### Problem
Transcribe, starting at the line with "Toddler winter festive" and ending at the line with "Cupocupa Beige Full", every line of the material below exactly, but leave out the pictures and anything outside that span.

### Data to examine
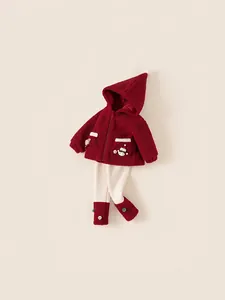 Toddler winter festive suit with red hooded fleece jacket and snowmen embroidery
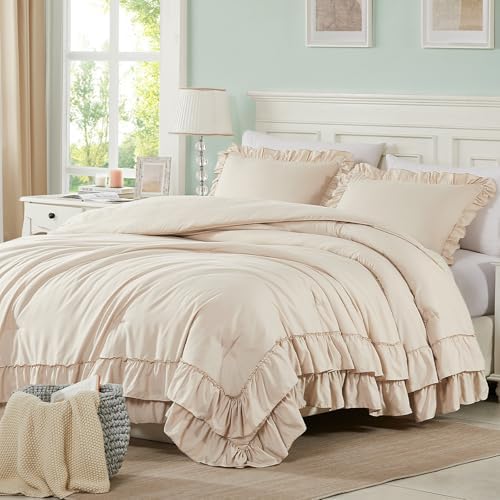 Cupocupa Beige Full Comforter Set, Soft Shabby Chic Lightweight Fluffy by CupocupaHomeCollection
==
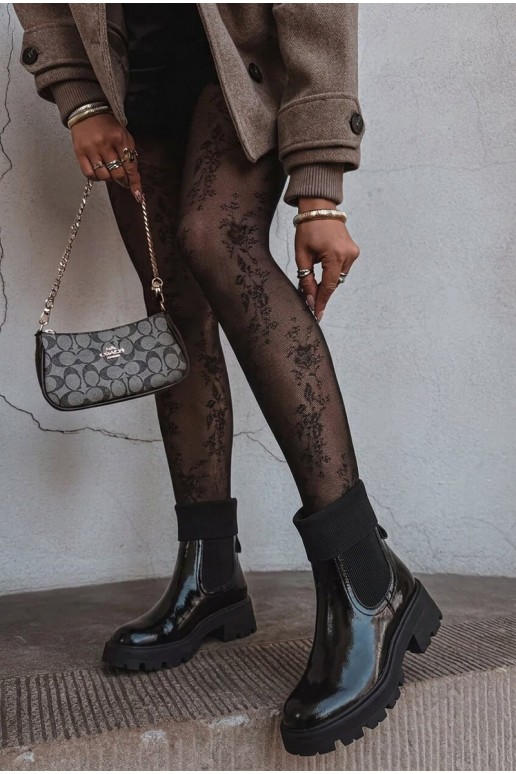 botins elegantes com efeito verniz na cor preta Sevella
--
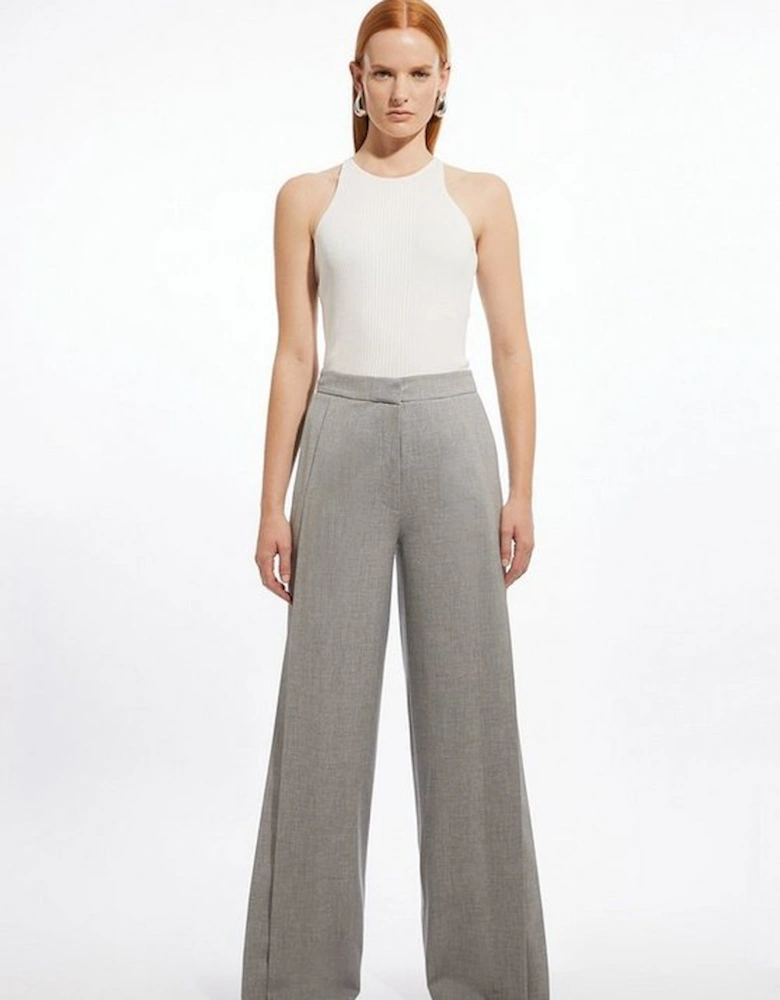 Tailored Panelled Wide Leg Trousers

### Solved exercise
 Toddler winter festive suit with red hooded fleece jacket and snowmen embroidery
 Cupocupa Beige Full Comforter Set, Soft Shabby Chic Lightweight Fluffy by CupocupaHomeCollection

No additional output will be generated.